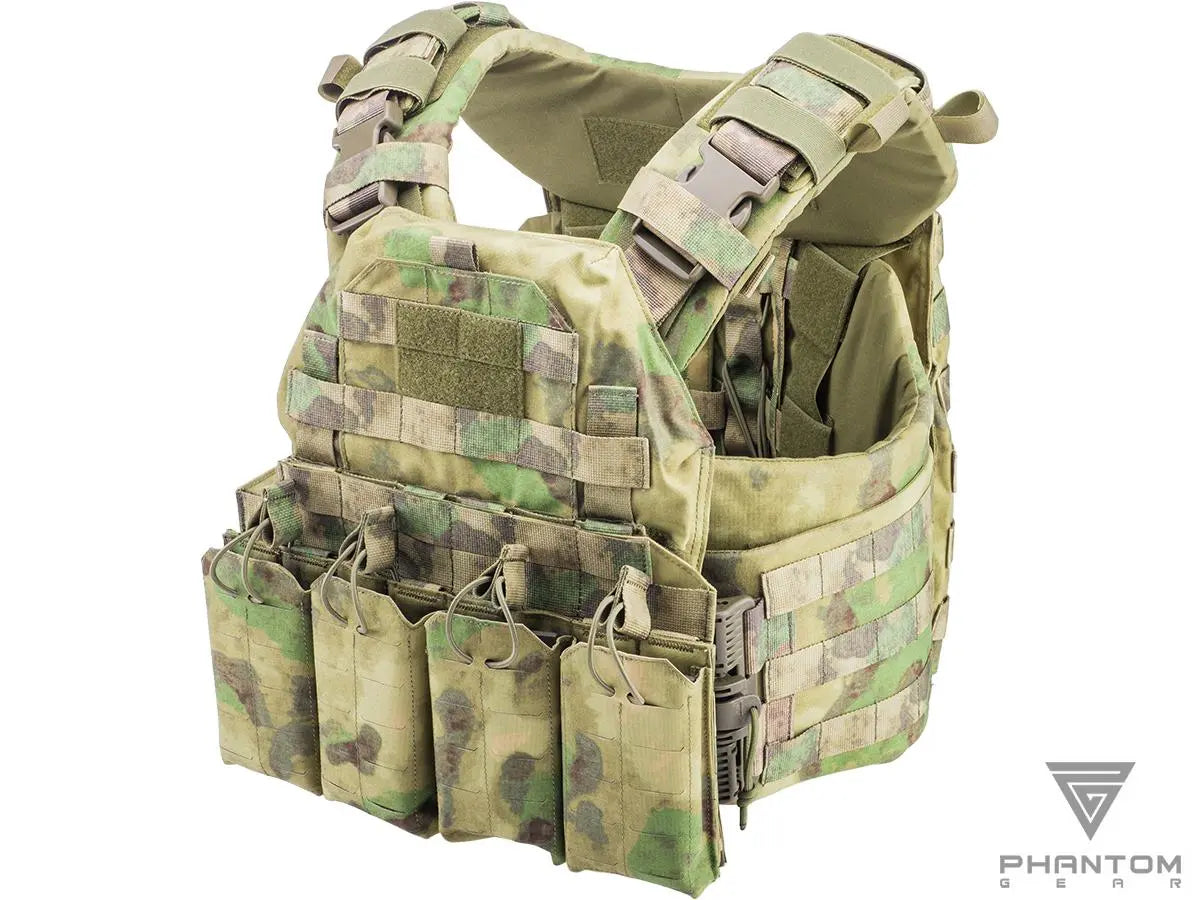 Phantom Gear Red "Zaslon" Plate Carrier w/ QD Buckle System (Color: ATACS)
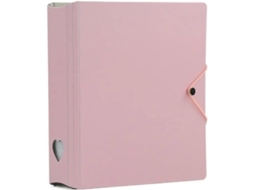 Álbum De Classificação De Cartões De Fotos Coloridas Coloridas, Dossiê Para Coleção (rosa)
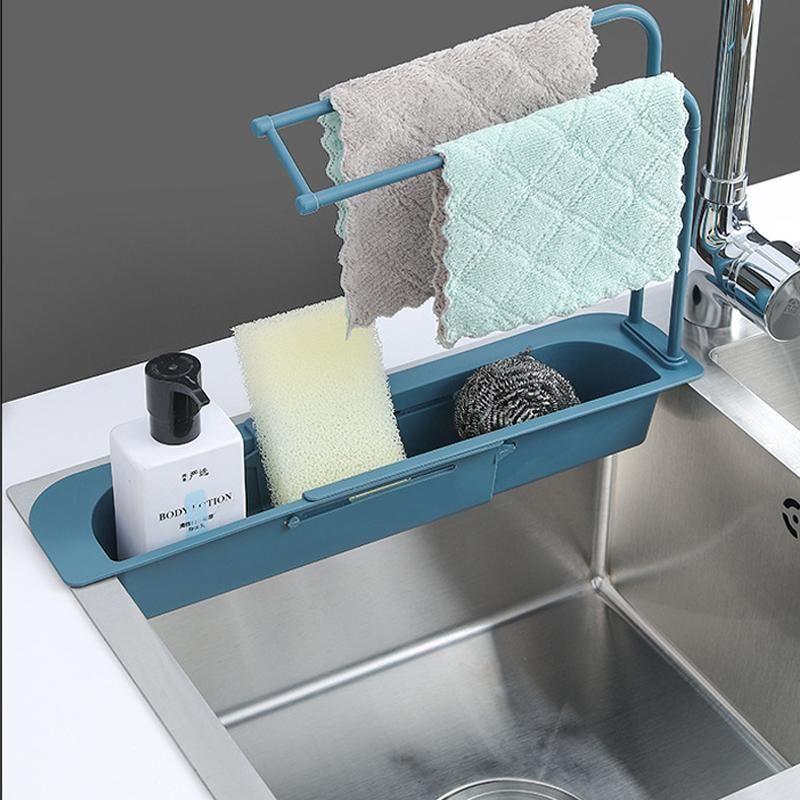 Telescopic Kitchen Sink Sponge Holder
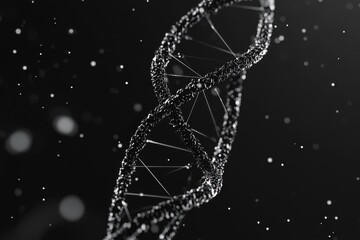 Understanding the structure of DNA through a detailed graphic representation, Graphic of DNA molecule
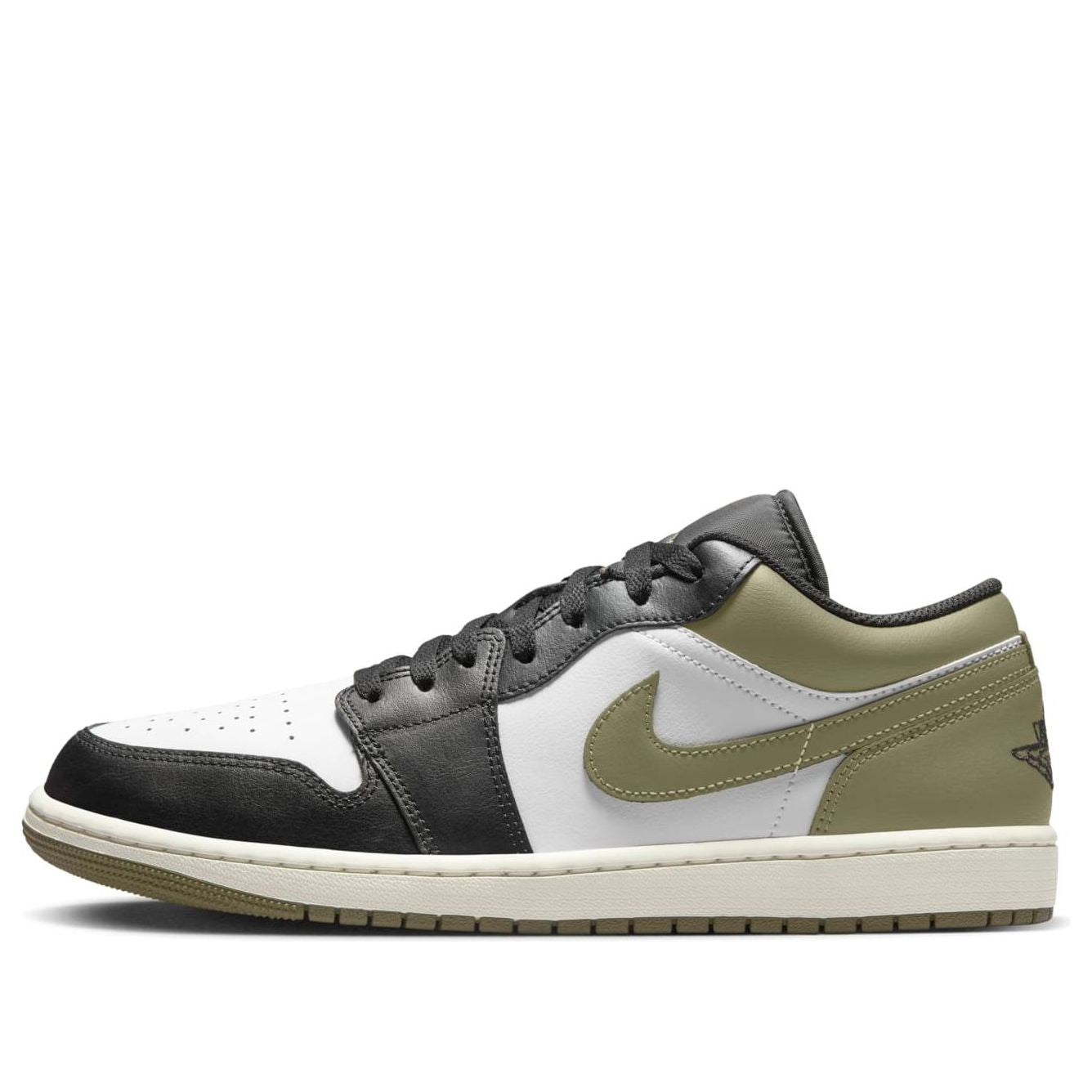 Jordan 1 Low Black Toe Medium Olive – 553558-092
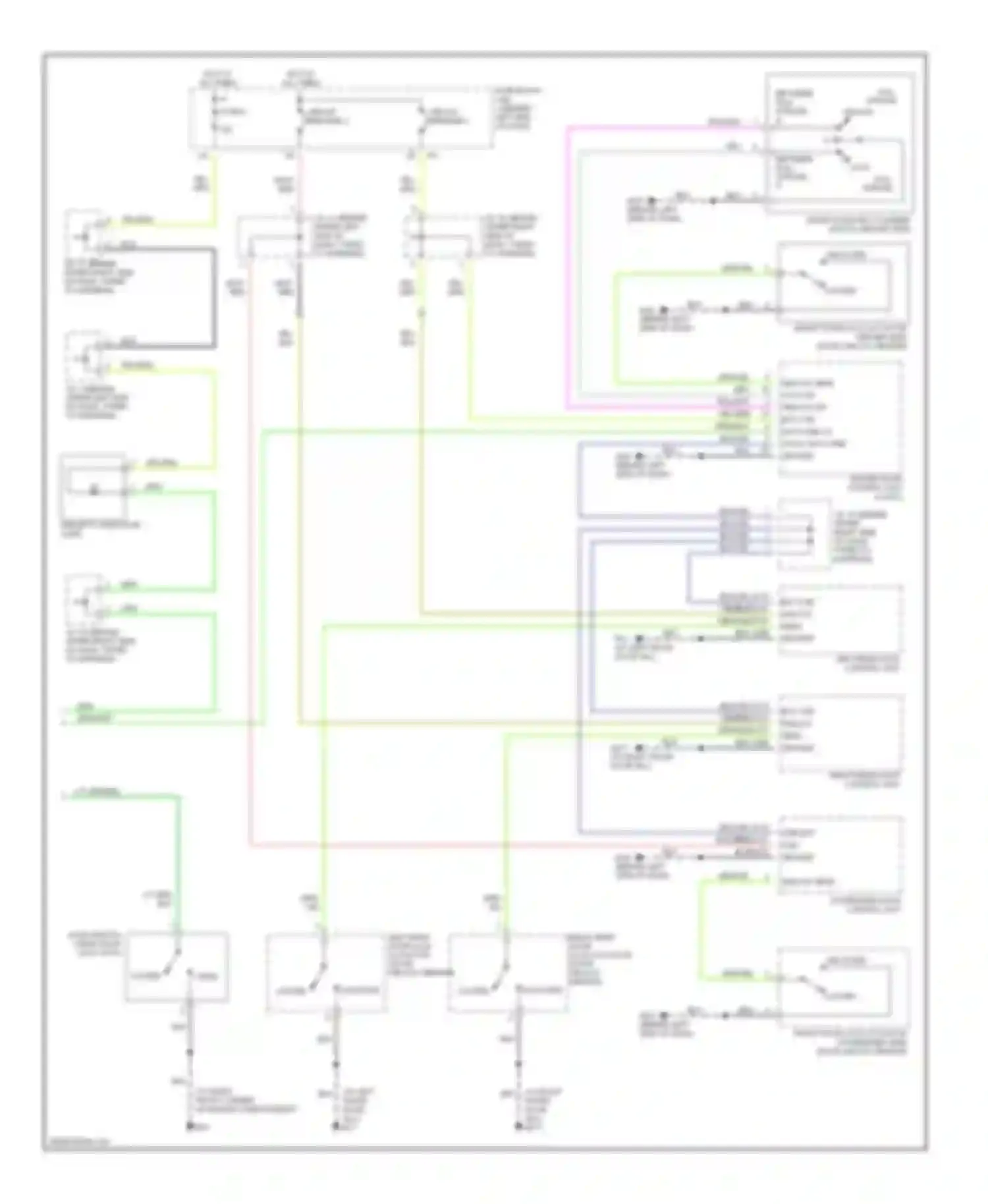 M45 Infiniti II (2002-2004): Anti-theft circuit (2 of 2)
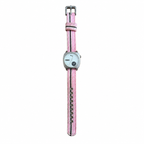 Vintage Puma Ladies Watch 805 - Silver Dial & Pink Strap - Battery Required
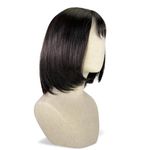 Houston.bob curta franja, mescla de fios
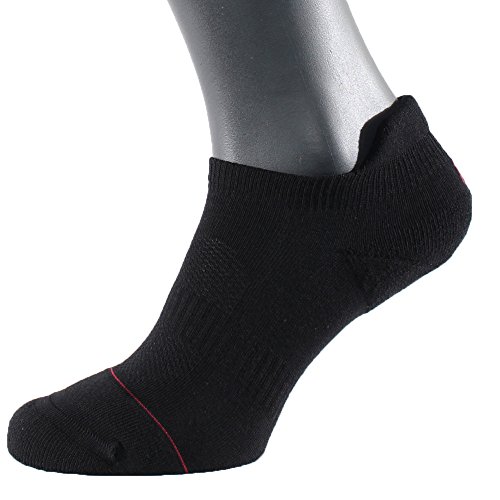 Albert Kreuz chaussettes mi cheville sneakers socquettes anatomiques invisibles avec renfort antiglisse en coton noir - une paire 39-41 Cover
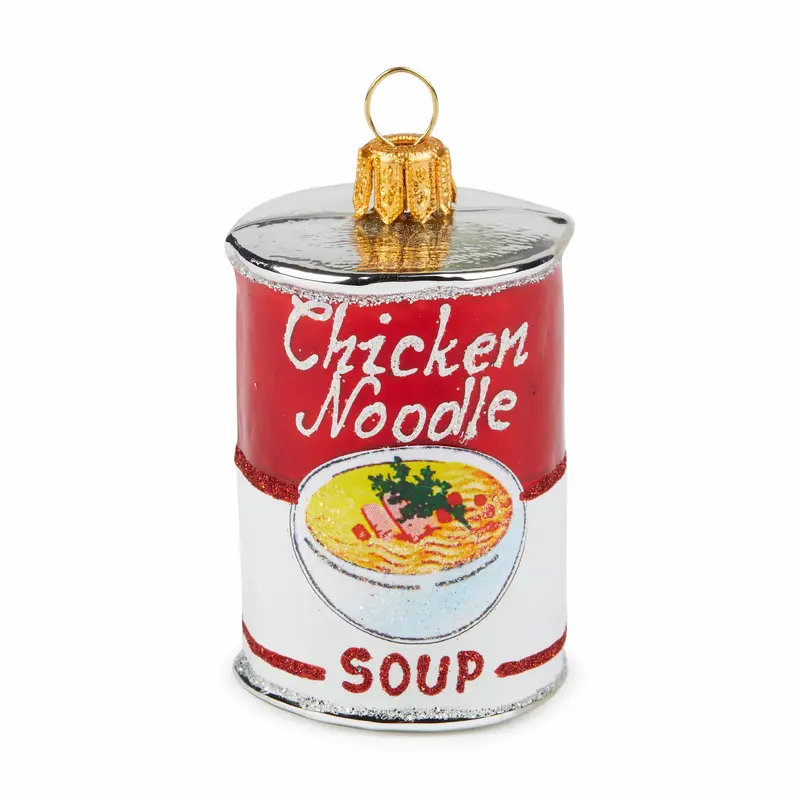 NYC Glass Holiday Ornament - Soup Can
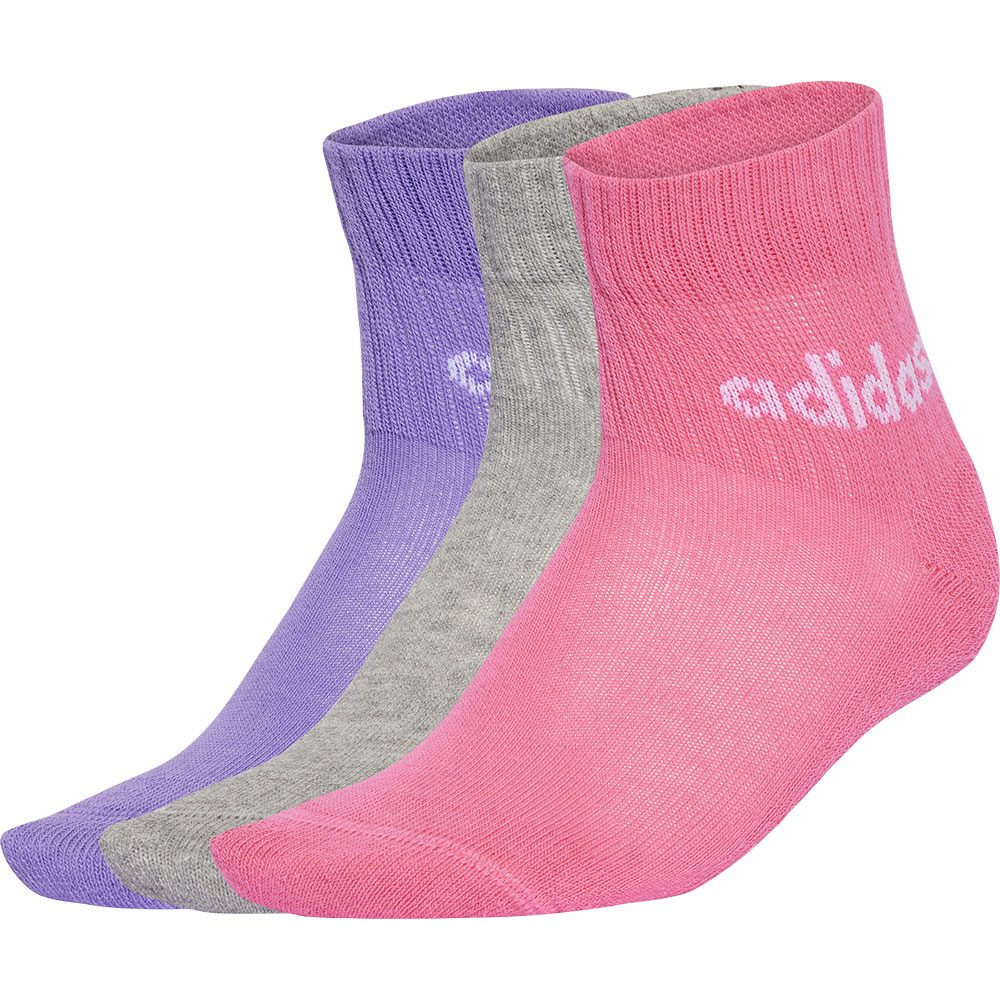 adidas Linear Ankle Socken 5 Paar Kinder true pink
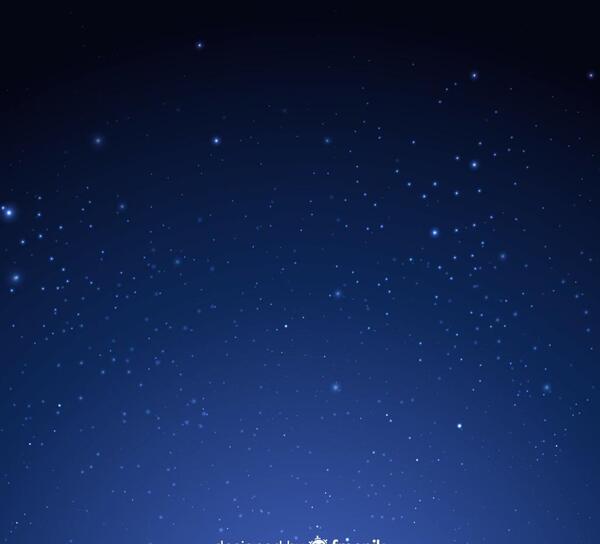 عکس تصویر زمینه شب پر ستاره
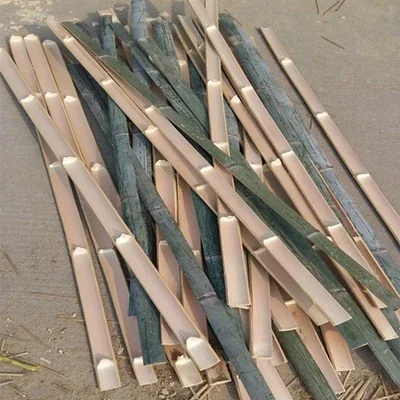 knife broken  artifact  springboard sheep bed fruit support fence bamboo slice slitting processing tool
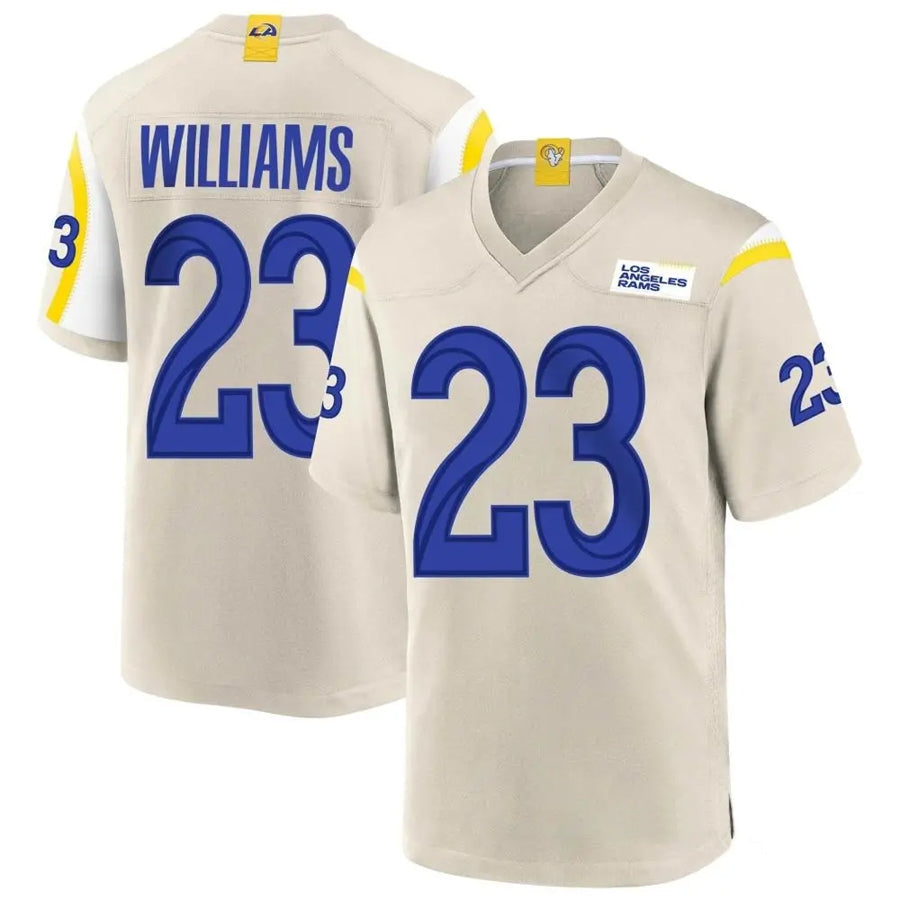 TleadLA.Rams #23 Kyren Williams Player Bone Replica Game Stitched Jerseys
········
• EXERCISE DETAILS:
Each entry above should be copied exactly. The pictures should not.

• ANSWER AREA:
 Phantom Gear Red "Zaslon" Plate Carrier w/ QD Buckle System (Color: ATACS)
 Álbum De Classificação De Cartões De Fotos Coloridas Coloridas, Dossiê Para Coleção (rosa)
 Telescopic Kitchen Sink Sponge Holder
 Understanding the structure of DNA through a detailed graphic representation, Graphic of DNA molecule
 Jordan 1 Low Black Toe Medium Olive – 553558-092
 M45 Infiniti II (2002-2004): Anti-theft circuit (2 of 2)
 Vintage Puma Ladies Watch 805 - Silver Dial & Pink Strap - Battery Required
 Houston.bob curta franja, mescla de fios
 Albert Kreuz chaussettes mi cheville sneakers socquettes anatomiques invisibles avec renfort antiglisse en coton noir - une paire 39-41 Cover
 NYC Glass Holiday Ornament - Soup Can
 adidas Linear Ankle Socken 5 Paar Kinder true pink
 عکس تصویر زمینه شب پر ستاره
 knife broken  artifact  springboard sheep bed fruit support fence bamboo slice slitting processing tool
 TleadLA.Rams #23 Kyren Williams Player Bone Replica Game Stitched Jerseys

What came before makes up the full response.